うちの会社や今までの案件について、概要の説明はなんとか最後までできた。
実際の△社の要望など、具体的な話をするのは、私じゃない方が良いだろうと思っていたから、良いタイミングでのバトンタッチだと思う。
一礼して、先輩に席を譲った私はブースを囲う大きめのパネル裏に、こじんまりと設置した休憩スペースへ向かう。
「お疲れ。終わったの?」
「っ、」
丁度そこに居た瀬尾のロートーンボイスに、今まで少しだけ嫌なリズムを刻んでいた心拍が少し落ち着く。
だけどさっきの出来事は、ぐるぐると私の体に巻きついたままだ。
「…うん、瀬尾もずっとチラシ配りありがとう。
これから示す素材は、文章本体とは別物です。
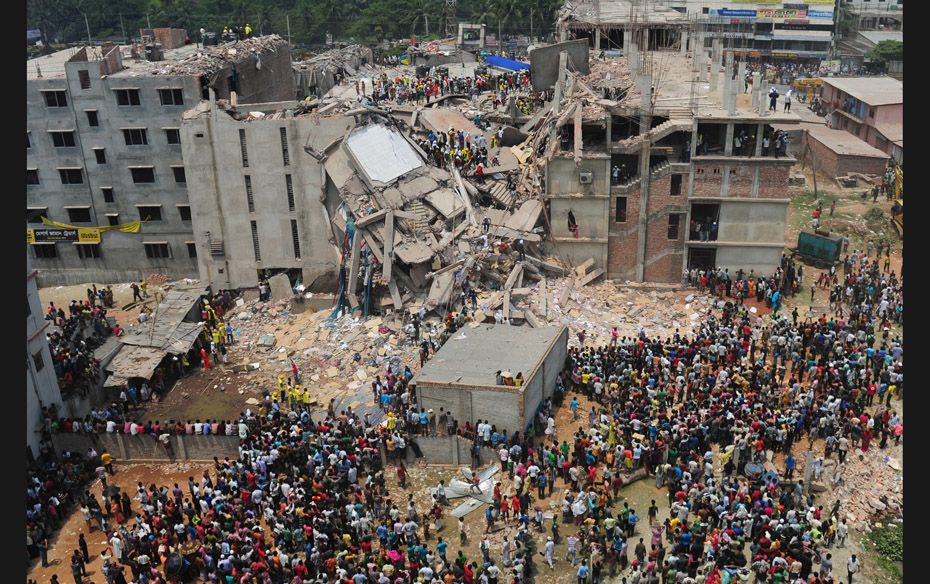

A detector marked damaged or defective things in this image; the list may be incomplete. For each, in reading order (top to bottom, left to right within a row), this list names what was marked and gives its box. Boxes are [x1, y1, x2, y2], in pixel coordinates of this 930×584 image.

damaged facade [26, 35, 294, 286]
」
今はその顔を見たら気持ちが緩んで下手したら泣いてしまいそうだと、テーブルに乱雑に並ぶ500mlのペットボトルたちを見ながら、そうなるべく明るく言う。
そして、亜子が朝持ってきてくれた葡萄ジュースを見つけ、キャップを開けて持ち上げようとした時だった。
「……っ、わっ!」
手が滑った拍子に傾いたペットボトルの中身を撒き散らすわけにはいかないと咄嗟に思った私は、それを受け止めて抱きしめるような姿勢をとってしまって。
その瞬間、自分のTシャツにじわじわと大きなシミをつくっていく葡萄色に「最悪だ…」と呟いた。
ペットボトルのジュースを飲む。
そんな簡単なことさえままならないほど、私は緊張していたらしい。
「え、どういうドジ?大丈夫?」
「…ほんとだよね。」
こんなことくらいで動揺して情けない。
へら、とこちらへ向かおうとする瀬尾に笑った私は今日の朝に着ていたブラウスをすぐ傍の荷物から出して「着替えてくる。」とお手洗いへ走った。